2026-01-25 00:56:33
I saw a post on X recently that said
Bill Gates is closer to you in wealth than he is to Elon Musk. Mind blown.
For round numbers, let’s say Elon Musk’s net worth is 800 billion and Bill Gates’ net worth is 100 billion. So if your net worth is less 450 billion, the statement in the post is true.
The reason the statement above is mind blowing is that in this context you naturally think on a logarithmic scale, even if you don’t know what a logarithm is.
Or to put it another way, we think in terms of orders of magnitude. Musk’s net worth is an order of magnitude greater than Gates’, and Gates’ net worth would be an order of magnitude greater than that of someone worth 10 billion. Musk is a notch above Gates, and Gates is a notch above someone with a net worth around 10 billion, where a “notch” is an order of magnitude.
To put it another way, we think in terms of geometric mean √ab rather than arithmetic mean (a + b)/2 in this context. 100 billion is the geometric mean between 12.5 billion and 800 billion. Geometric mean corresponds to the arithmetic mean on a log scale. And on this scale, Gates is closer to Musk than you are, unless you’re worth more than 12.5 billion.

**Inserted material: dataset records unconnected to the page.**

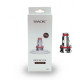 Smok RPM 2 Coil (0.6ohm)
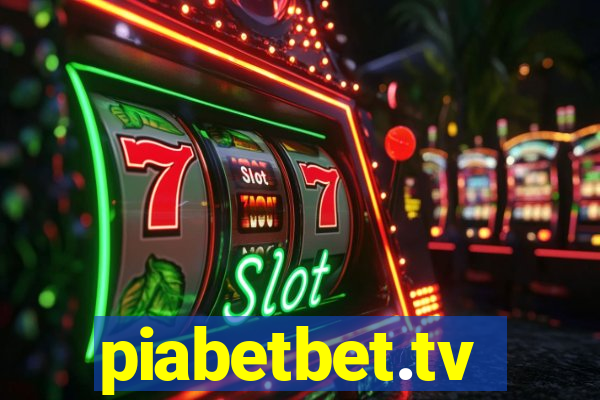 piabetbet.tv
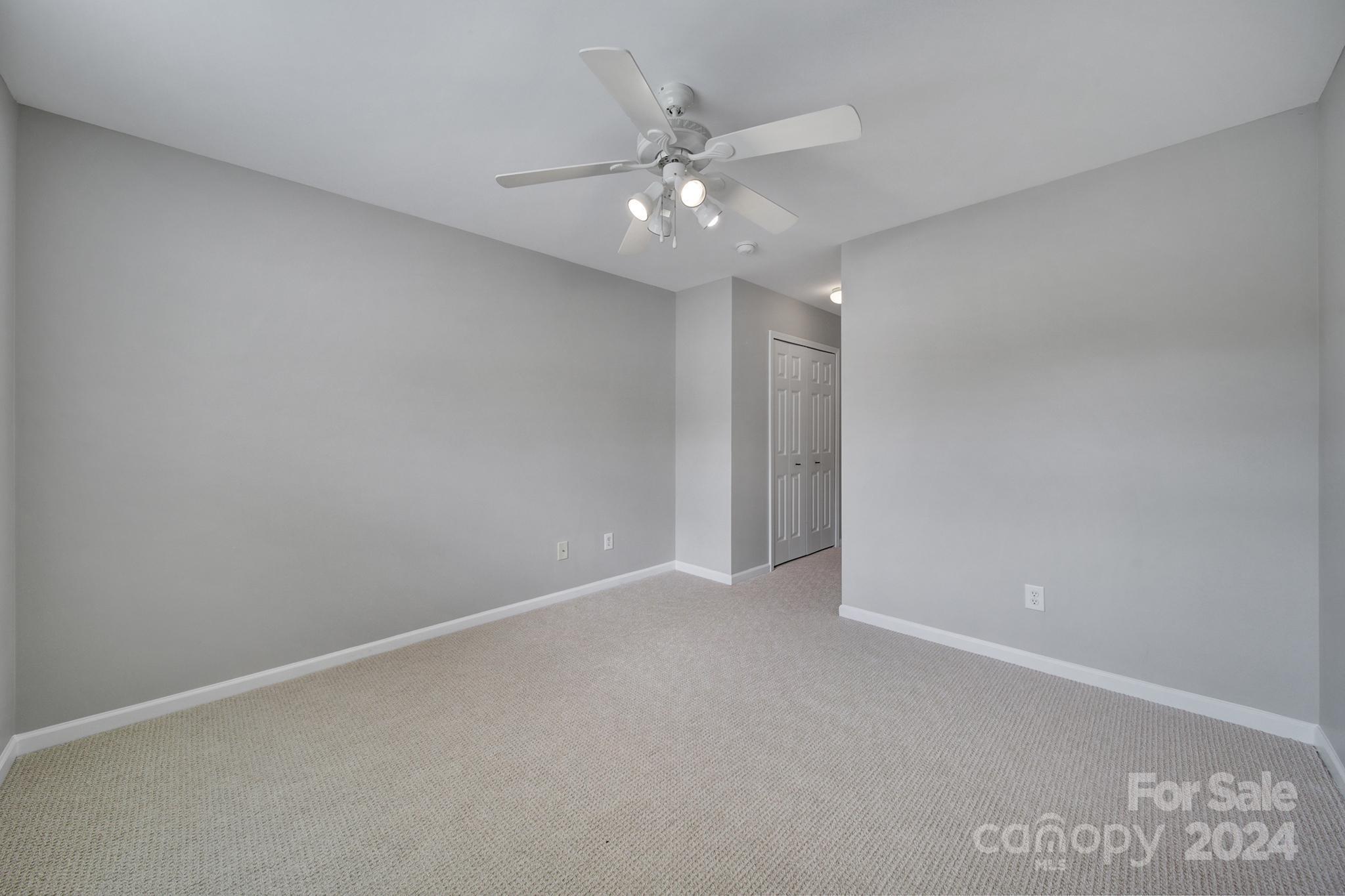 University Heights - Residential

Here are three more examples of geometric means.
The size of Jupiter is about midway between that of earth and the sun; it’s the geometric mean. On a linear scale Jupiter is much closer to the size of the earth than the sun, but on a logarithmic scale it’s about in the middle. More on that here.
The tritone (augmented fourth) is half an octave. So, for example, an F# is in the middle between a C and the C an octave higher. Its frequency is the geometric mean of the frequencies of the two C’s. More here.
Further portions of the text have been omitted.